W;T is an incredible play that forces the audience (reader or attendee) to evaluate ones values. The main theme is brutally honest yet done in a humorous, thought provoking manner. Margaret Edson provides one of the top plays of the decade as it leaves everyone agreeing it deserved the Pulitzer it won. This play (in book or theater form) needs to be experienced to understand the emotions its generates. Great work by a master playwright.
The play is also extremely witty (no pun intended). It's worldview is basically Christian, because of its resounding affirmation of the goodness of human life, and the brutalities wreaked by self-centredness. This drama also deals with the issue of what constitutes good scholarship. Is good scholarship just a "way of quantifying the complexities of the puzzle" (in the words of the young post-doc researcher, Jason Posner), or does good scholarship give us a vital way of answering old questions?
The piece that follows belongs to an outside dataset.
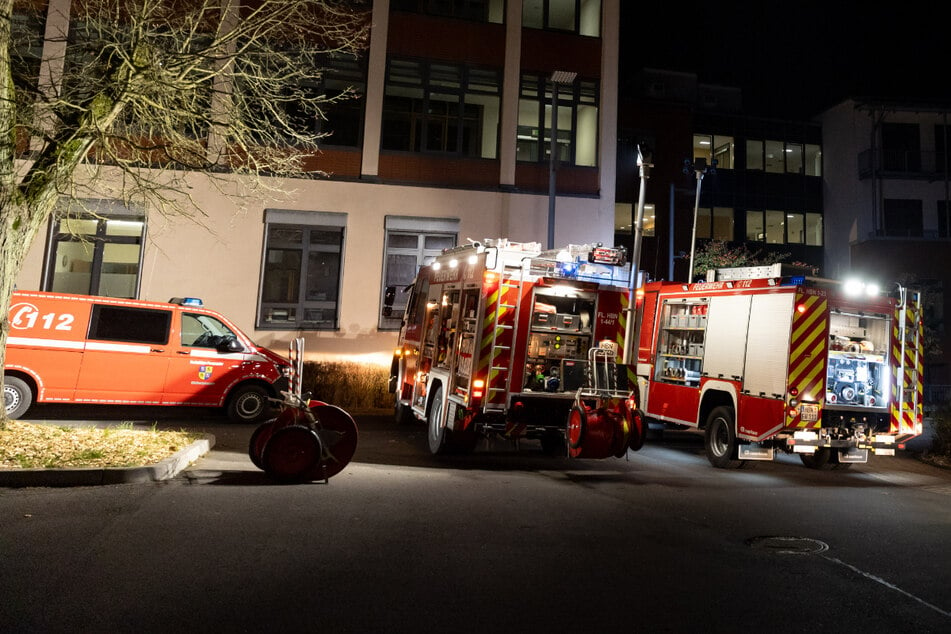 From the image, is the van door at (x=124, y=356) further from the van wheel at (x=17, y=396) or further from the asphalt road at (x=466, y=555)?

This is also a play in praise of simplicity. When Vivian Bearing is on her deathbed, she recoils in horror at the thought of her old professor reciting one of the Holy Sonnets. Instead, the wizened old professor reads Vivian a children's story, a little "allegory of the soul: Wherever you go God will find it." God finds Vivian's soul, but only after she has been stripped of her old pretentions and arrogance. I have never read such a beautiful literary depiction of genuine spiritual conversion (with the possible exception of Dostoevsky's Raskolnikov).
You cannnot call yourself a well-read person unless you've read this play. This drama will be read for centuries hence. You can also buy a good film version on Amazon, which was released in 2000, casting Emma Thompson as Vivian Bearing (one of her best roles, I believe), and the lovely, talented Audra McDonald as her primary nurse.
I'm both a cancer patient and a playwright, and I can only hope that I'm able to produce as eloquent and powerful a work as Margaret Edson has given us.